The rationale behind the creation of ZECs lies in the view that we are in a transitional period of energy generation. It is easy to see that we create less carbon per generated megawatt today than we did even ten years ago and empirically this year-on-year decline is showing no signs of slowing. Additionally, real and significant advances are being made regularly in wind and solar generation technologies. Taken together, it seems natural that we are currently en route from a high-carbon to a carbon-neutral generation fleet.
There is, however, a catch. Competitive generation markets, responsible for eliminating numerous coal-fired power plants, are now taking their toll on many nuclear facilities. In a system where power prices are set by the marginal cost to produce one more megawatt, subsidized wind and solar generation, which require no input fuels, drives down prices in periods when they are active. Consequently, just as coal plants lack the flexibility to respond to price signals, nuclear plants cannot cut their costs when they are not operating in the black.
As nuclear generation is the only current technology capable of base-load generation in a carbon-free manner, this creates a problem. On one hand, low cost, carbon-free energy is preferable to most people. On the other, the mechanism that initially cut carbon production (competitive markets) is now rendering the bulk of carbonless base-load generation (nuclear) uneconomical. If one believes that we are on an inevitable path of carbon reduction, the thinking by some is to subsidize failing nuclear plants until such a time as they are either unneeded or once again profitable.
Thus ZECs were created. ZECs are superficially similar to Renewable Energy Credits (RECs) paid by utilities in many states in that they are assessed based on consumption. However, there are three key differences between ZECs and RECs. First, ZECs are assigned, not earned. Second, unlike RECs, there is no market for ZECs. Lastly, ZECs serve a closed market while RECs serve an open market.
Traditional renewable portfolio standards work as follows: utilities are told through legislation that they must buy renewable credits equal to a percentage of their load served. They then shop different options for how to get those credits. Utilities are thus rewarded for a) encouraging energy efficiency through cutting demand, and b) adding renewable generation to their energy mix. Additionally, as RECs are sold on an open market, this creates an additional profit stream for investors looking to build out more renewable merchant generation while also keeping REC prices low.
ZECs work differently. Because their goal is not to incentivize buildout but rather to provide for a stable income to certain nuclear plants, ZECs exist in a set number at a set price. To use New York as an example, there are 27,618,000 ZECs that will sell for $17.5394 each. Utilities are told how many ZECs they must purchase based off their proportion to the total load served in the state. So, if Con Edison in New York City serves 30% of the total load for the state, they must buy 30% of the ZECs. This money is then distributed directly to certain nuclear plants deemed uneconomic by the legislature.

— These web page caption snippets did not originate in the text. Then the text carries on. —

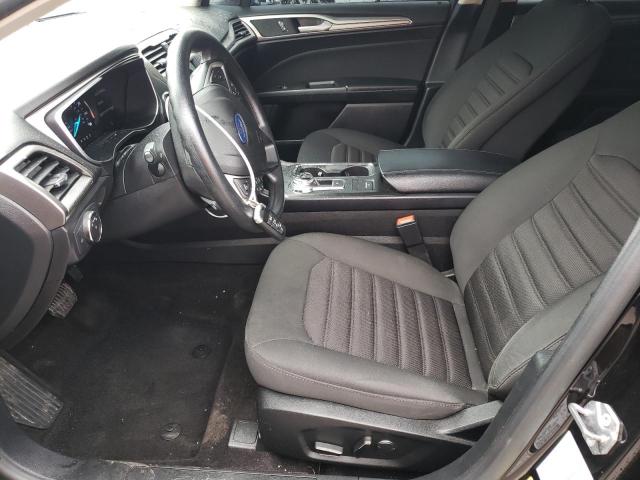 Photo 7 from auction – 2019 FORD FUSION SE with VIN 3FA6P0HD9KR142966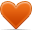 Heart Chocolate icon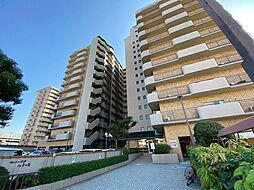 物件画像 中古マンション　シャトー第3八戸ノ里マンション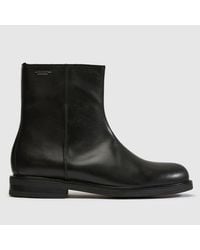 Vagabond Shoemakers - Shoemakers Floyd Boots - Lyst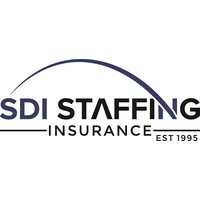 SDI Staffing logo - Similar company to King Life Group
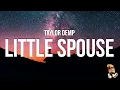 Taylor Demp - Little Spouse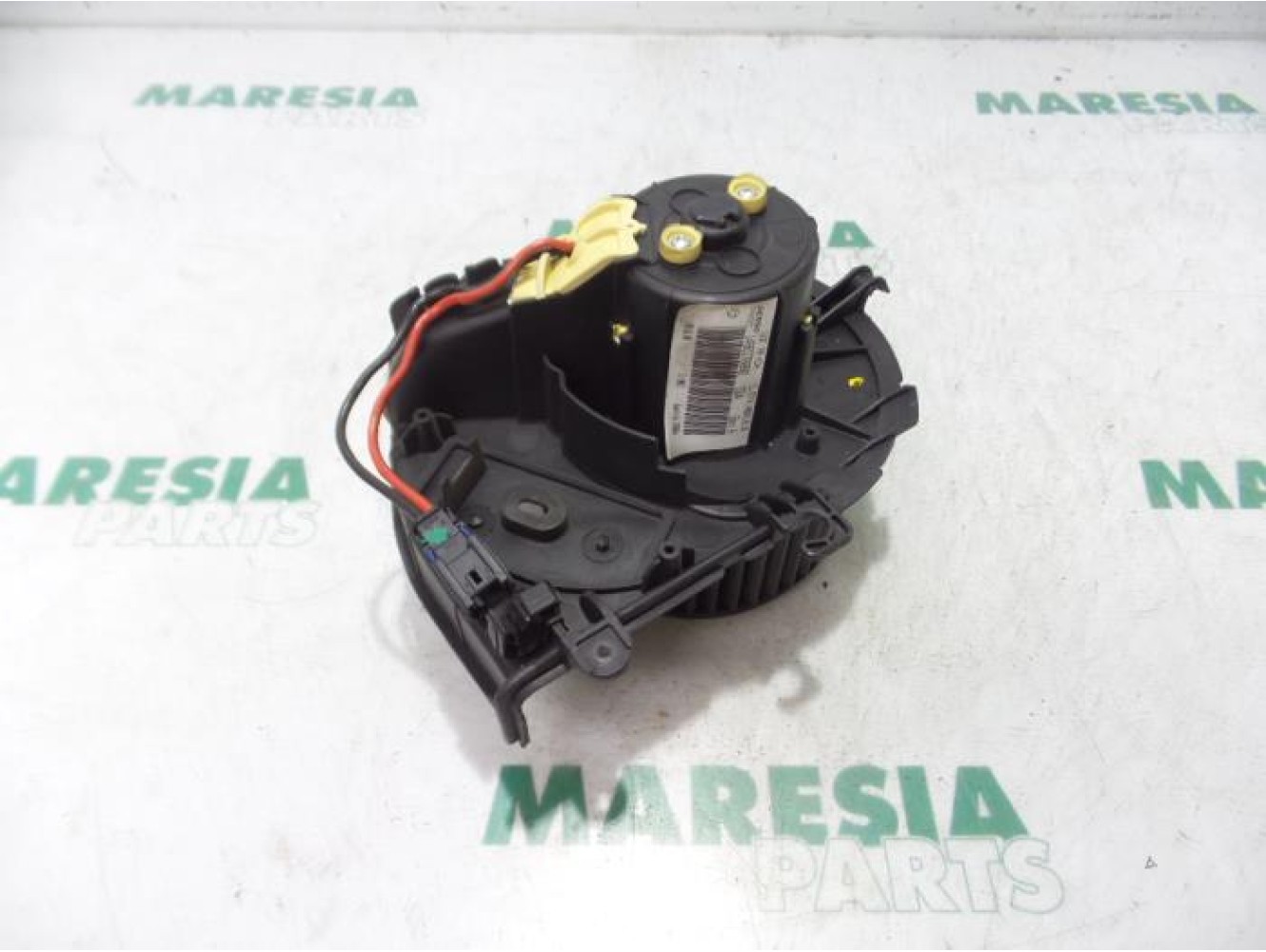 Citroen - Jumpy - Heating and ventilation fan motor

ZEC programs have drawn fire from many quarters. Ratepayers and utilities have, expectedly, objected to the additional costs that will be incurred from the programs. Existing wind and solar operators have objected to the credits on the basis of the name, insisting that they should be included in ZEC programs as they produce zero emissions. Companies owning both non-nuclear and economically operating nuclear generation object to the favoritism being shown to individual plants. However, the most interesting objections have come from the entities responsible for regulating the inter-state power grid knows as the “Eastern Interconnection,” to which all ZEC states belong.
The most scathing review came from the PJM’s market monitor in response to Illinois’ creation of a ZEC regime. Monitoring Analytics is a firm that is paid by the PJM independent service operator to ensure the organization is maintaining a competitive and open marketplace. According to Monitoring Analytics, the ZEC program as instituted in Illinois is a threat to the openness of the system. They claim it keeps online otherwise un-viable generation at the expense of newer buildout as well as skewing capacity markets.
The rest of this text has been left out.